Si algo estuvo presente en la marcha
del 8M en San Cristóbal de las Casas, fue la alegría y la fuerza de la vida de
quienes al mismo tiempo, manifestamos nuestro repudio a las múltiples
violencias que enfrentamos cada día.¡Ni rosas ni chocolates, vivas nos
queremos! clamaban algunas consignas. Este grito de indignación salió
de muchos cuerpos con trayectorias en organizaciones civiles y movimientos
feministas; estudiantes y trabajadoras; indígenas, mestizas y extranjeras, como
suele ser la diversidad presente en este pedazo de tierra.
Aunque no todas lograron parar en esta
jornada, ejercicio para la reflexión posparo, quedó claro el hartazgo que
existe porque ese orden que nos excluye por nuestro color de piel, nuestro género,
nuestras posibilidades económicas y preferencias sexuales o religiosas está
arrastrándonos en una crisis social que ni las mujeres, ni el planeta, ni los
otros cuerpos vulnerabilizados podemos ni queremos seguir sosteniendo.
El perpetuo exterminio
La lucha contra las violencias es una
demanda añeja de los movimientos de mujeres y feministas, que nace porque
resultaban -y siguen siendo- inaceptables actos que, de manera visible o
velada, promueven exclusiones y discriminaciones que condenan nuestros cuerpos
y seres al exterminio directo o indirecto, de un tajo o pausadamente.

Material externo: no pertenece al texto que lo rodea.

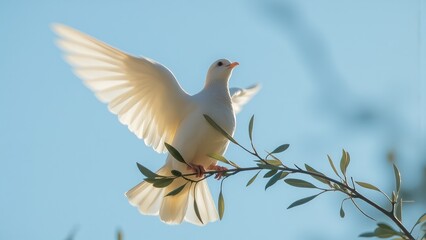 Obraz premium Dove with olive branch in natural light.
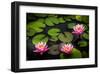 Water Lily Pond in Park-null-Framed Art Print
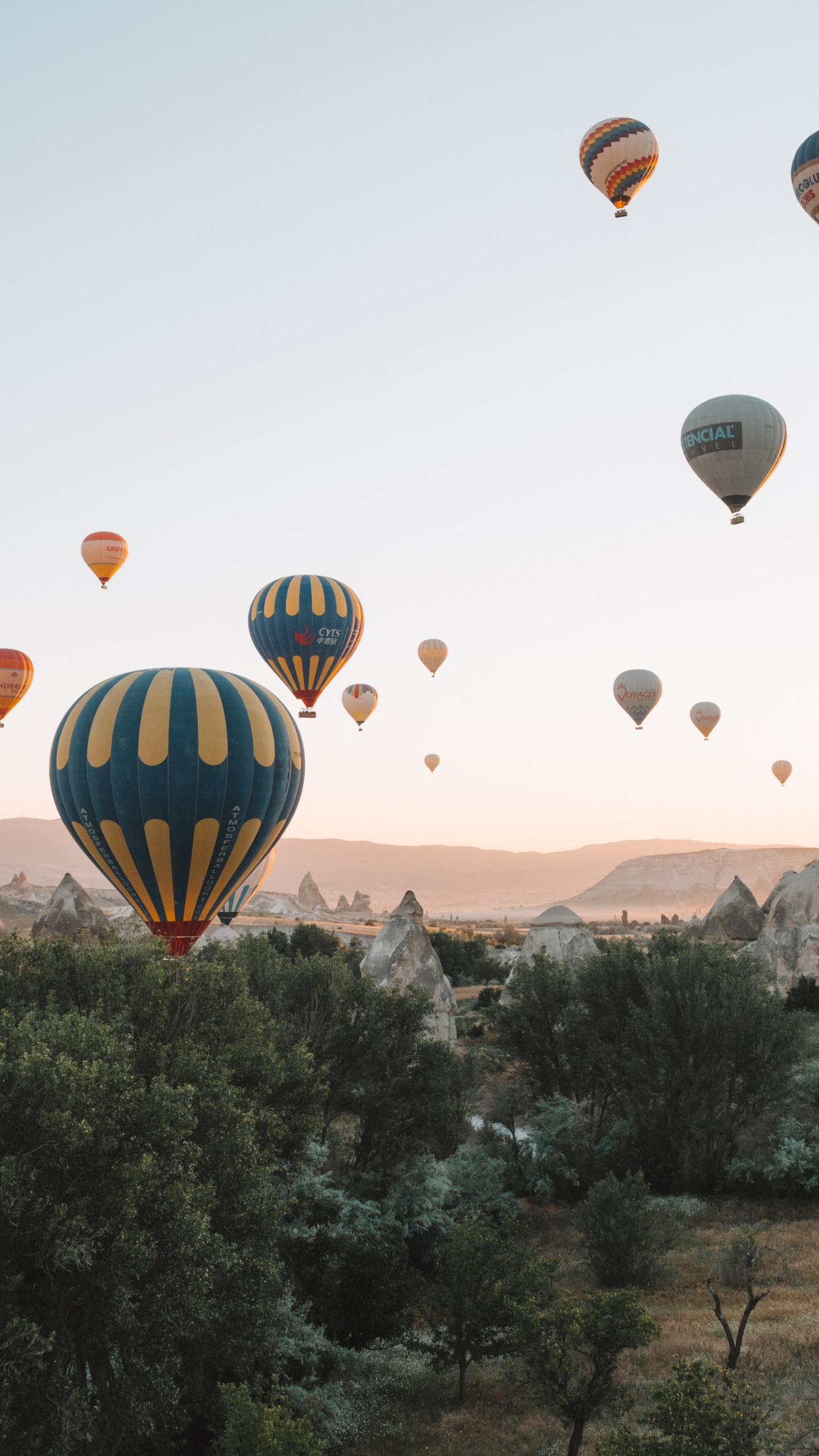 Hot Air Balloons Flying Over Green Trees During Daytime. Wallpaper in 1440x2560 Resolution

Todo esto es requerido para mantener un
orden que reclama a los hombres como sujetos legítimos y recipiendarios de
todos los privilegios y aquello que rebase estos límites será llamado al orden
o eliminado. De ahí la muerte de las obreras de la fábrica de Nueva York el 8
de marzo de 1908 o para no perder el hilo de la historia, la caza de brujas en
la edad media. Silvia Federici lo ejemplifica al decir que “[…] la caza de
brujas en Europa fue un ataque a la resistencia que las mujeres opusieron a la
difusión de las relaciones capitalistas y al poder que habían obtenido en
virtud de su sexualidad, su control sobre la reproducción y su capacidad de
curar”[1].
De obediencias y subordinaciones
Mucho de esto empieza con los “simples”
roles, aquellas cosas que desde nuestra niñez nos van colocando en el lugar que
cada ser humano, por su género, sus capacidades económicas, su color de piel y
hasta su preferencia sexual, ocupa en la sociedad. Basta recordar
que muchas crecimos con la idea de ser “malas o buenas” si nuestras acciones
estaban bajo o fuera del control establecido. Éramos buenas cuando obedecíamos
las órdenes de nuestros padres sin cuestionarlas y cumplíamos las tareas
asignadas de acuerdo con nuestro género (lavar trastos, planchar ropa, cuidar a
nuestros hermanitos, servir la comida al papá, ayudar en casa, etcétera); y
malas porque protestábamos y/o queríamos hacer otras cosas que estaban
reservadas para los varones.
La cultura nos configura con discursos
que legitiman y sostienen la “benevolencia” sobre nuestra subordinación. Así,
desde muy pequeñas, empezamos a ser excluidas sin darnos cuenta que se trata de
las primeras violencias, las cuales vamos internalizando de tal manera que se
hace “normal” pensar en “encontrar pareja y casarnos”, “ser madres”, “cuidar a
nuestros hijos”, “sentirnos contentas con las labores domésticas”, “ser buenas
mujeres” y en suma: continuar reproduciendo ese orden y ese tipo de relaciones
sin cuestionarlas.
La herencia del patriarca
Las luchas y el análisis de las
violencias se han complejizado en la medida en que fuimos colocándonos en
espacios públicos y sobre cómo se han reconfigurando los territorios y sus
actores. Se puso en la mira la violencia doméstica e intrafamiliar, así como la
política; también se dijo que no tener recursos, el no valorar nuestro trabajo
reproductivo, que nos paguen menos por lo que hacemos, que nos impidan
participar y el acoso, forman parte de la violencia estructural.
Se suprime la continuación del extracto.